- DATASET SECTION -
**********
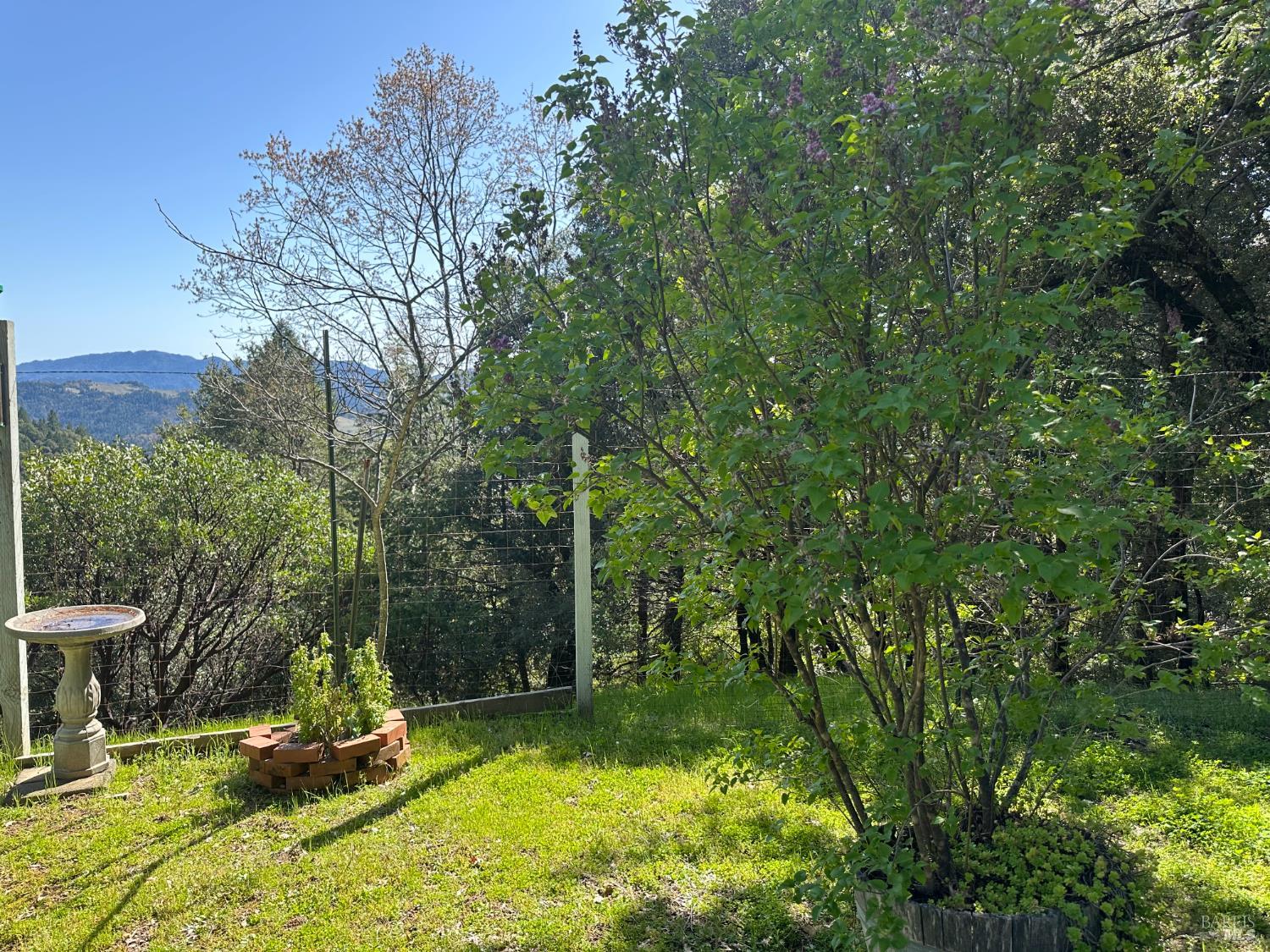Detail Gallery Image 4 of 36 For 59145 Bell Springs Rd, Laytonville,  CA 95454 - 2 Beds | 2 Baths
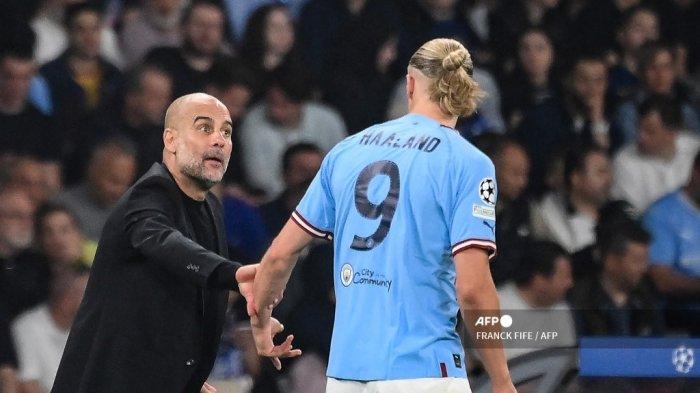 Manajer Spanyol Manchester City Pep Guardiola berbicara dengan striker Norwegia Manchester City # 9 Erling Haaland selama pertandingan sepak bola final Liga Champions UEFA antara Inter Milan dan Manchester City di Stadion Olimpiade Ataturk di Istanbul, pada 10 Juni 2023.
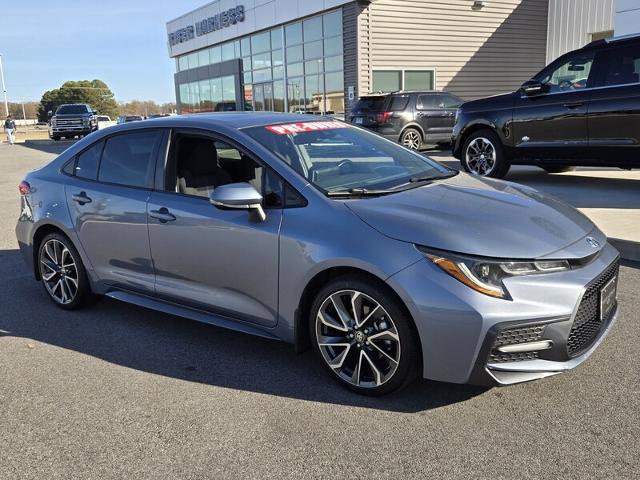Used 2020 Toyota Corolla SE image 3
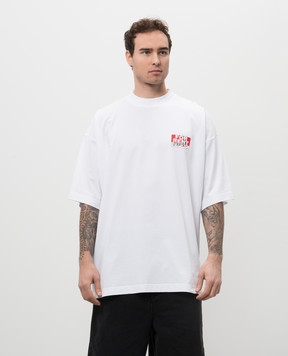 Vetements Біла футболка з принтом логотипа UA66TR745Wm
**********
- REQUIREMENT -
In the listing above, find the line containing "Manajer Spanyol Manchester" and the line containing "Used 2020 Toyota Corolla SE image 3", then print exactly those two lines and every line between them, minus the pictures.

- OUTPUT -
 Manajer Spanyol Manchester City Pep Guardiola berbicara dengan striker Norwegia Manchester City # 9 Erling Haaland selama pertandingan sepak bola final Liga Champions UEFA antara Inter Milan dan Manchester City di Stadion Olimpiade Ataturk di Istanbul, pada 10 Juni 2023.
Used 2020 Toyota Corolla SE image 3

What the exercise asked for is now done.